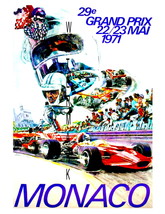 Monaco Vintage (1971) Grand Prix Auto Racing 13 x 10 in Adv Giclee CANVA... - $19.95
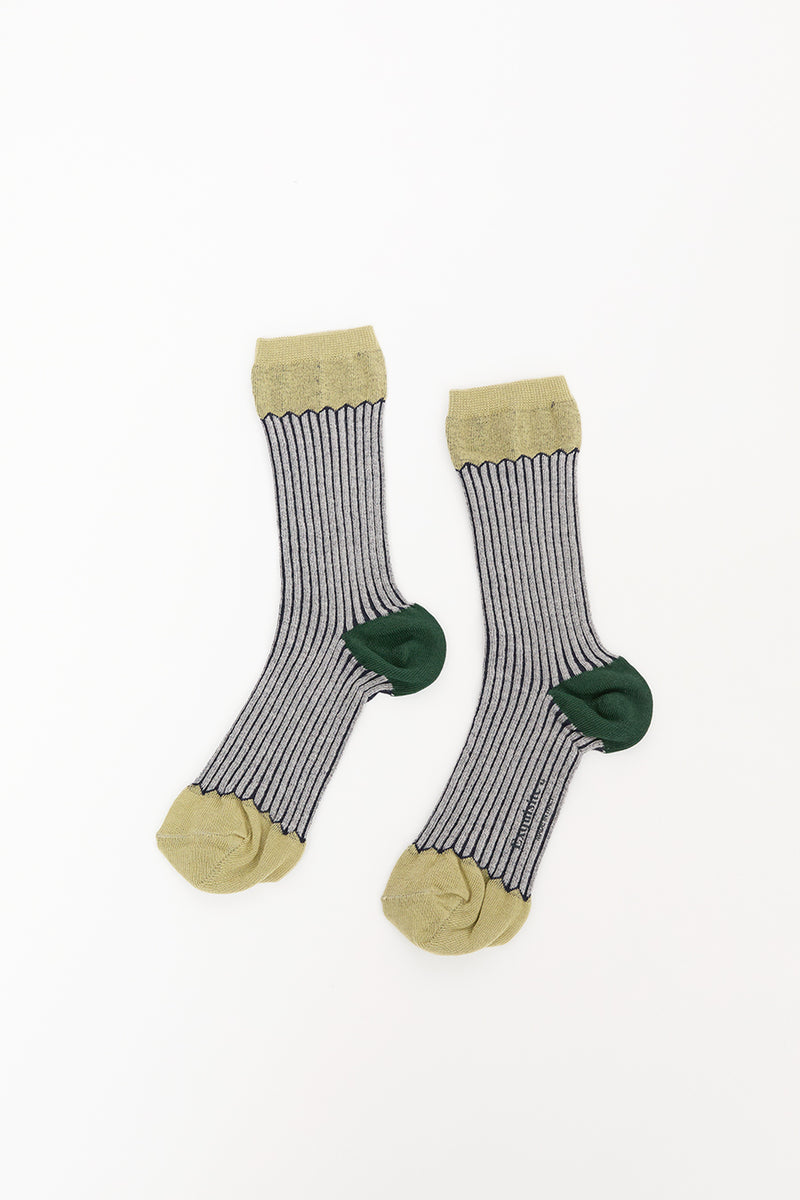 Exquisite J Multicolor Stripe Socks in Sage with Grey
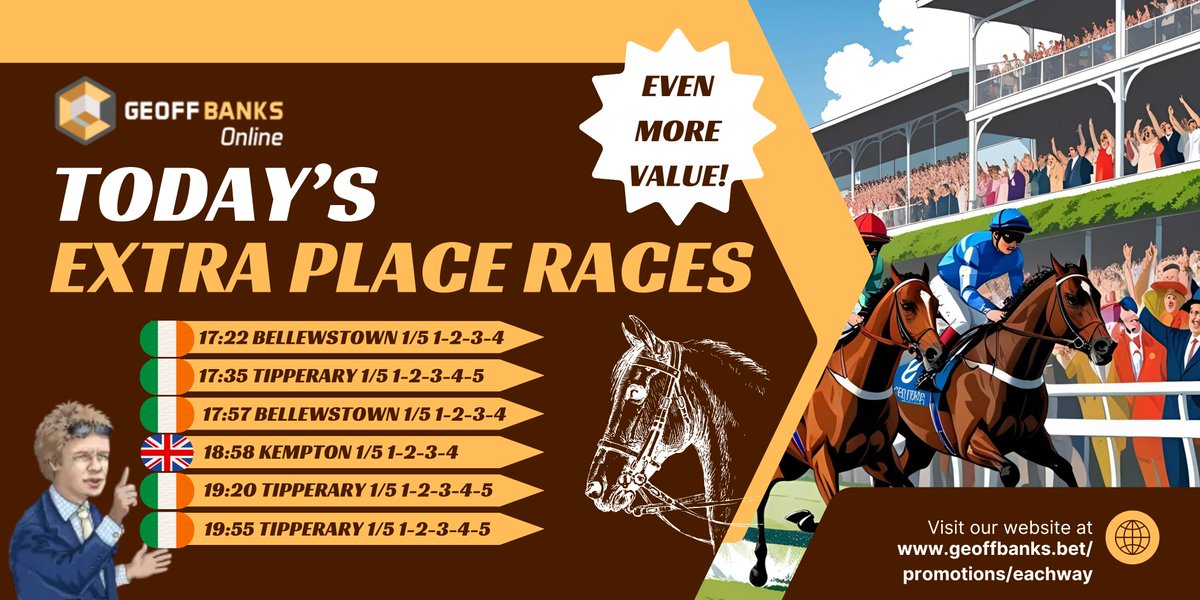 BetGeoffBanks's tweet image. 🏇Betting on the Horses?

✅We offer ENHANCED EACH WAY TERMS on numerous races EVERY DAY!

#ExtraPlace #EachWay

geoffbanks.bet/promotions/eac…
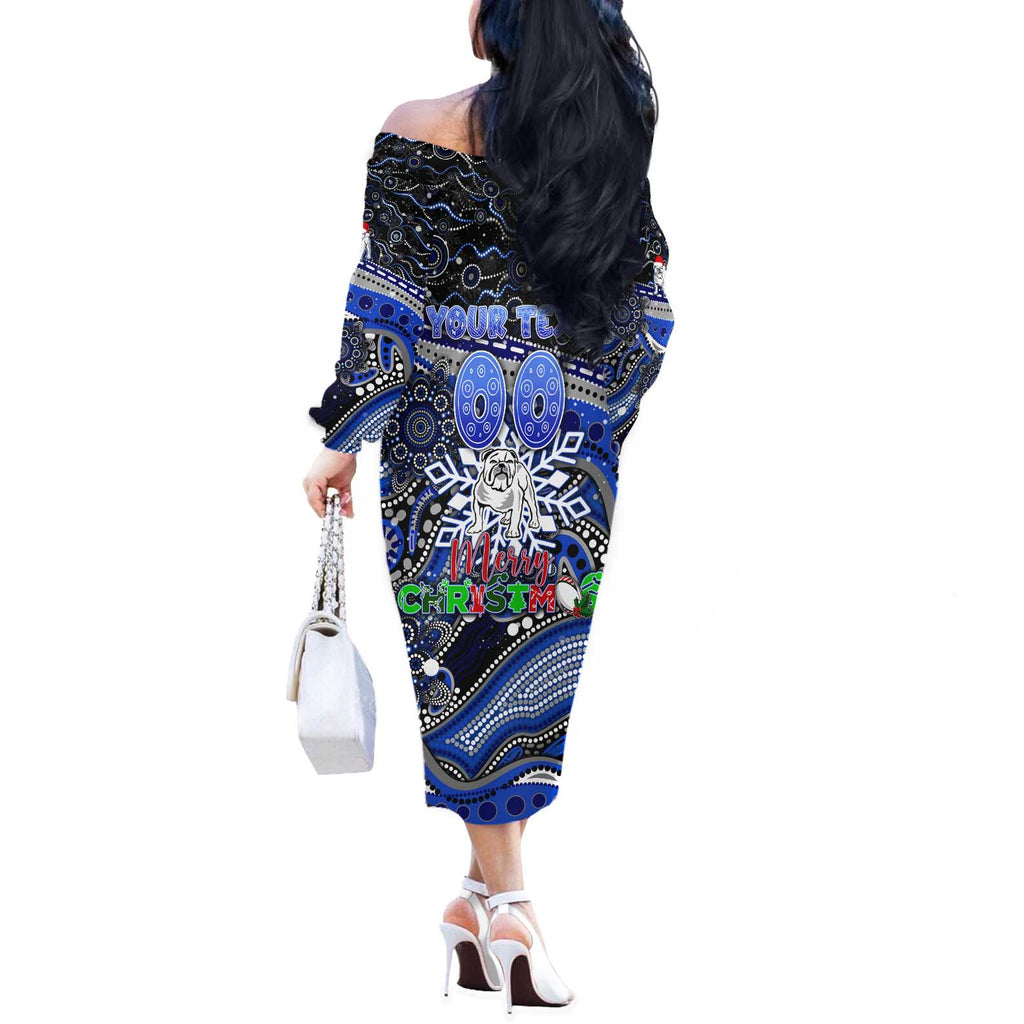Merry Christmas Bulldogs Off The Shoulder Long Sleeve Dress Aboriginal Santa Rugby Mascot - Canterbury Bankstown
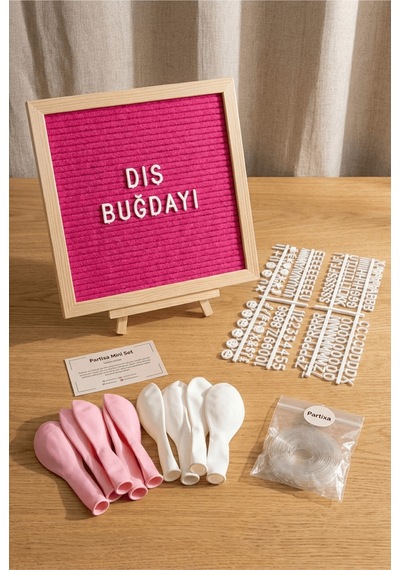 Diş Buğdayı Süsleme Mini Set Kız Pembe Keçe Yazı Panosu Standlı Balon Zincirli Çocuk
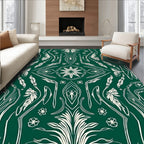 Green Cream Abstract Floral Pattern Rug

━━━━

The entries are to be transcribed in full. Their pictures are not.

 Monaco Vintage (1971) Grand Prix Auto Racing 13 x 10 in Adv Giclee CANVA... - $19.95
 Exquisite J Multicolor Stripe Socks in Sage with Grey
 BetGeoffBanks's tweet image. 🏇Betting on the Horses?

✅We offer ENHANCED EACH WAY TERMS on numerous races EVERY DAY!

#ExtraPlace #EachWay

geoffbanks.bet/promotions/eac…
Merry Christmas Bulldogs Off The Shoulder Long Sleeve Dress Aboriginal Santa Rugby Mascot - Canterbury Bankstown
 Diş Buğdayı Süsleme Mini Set Kız Pembe Keçe Yazı Panosu Standlı Balon Zincirli Çocuk
 Green Cream Abstract Floral Pattern Rug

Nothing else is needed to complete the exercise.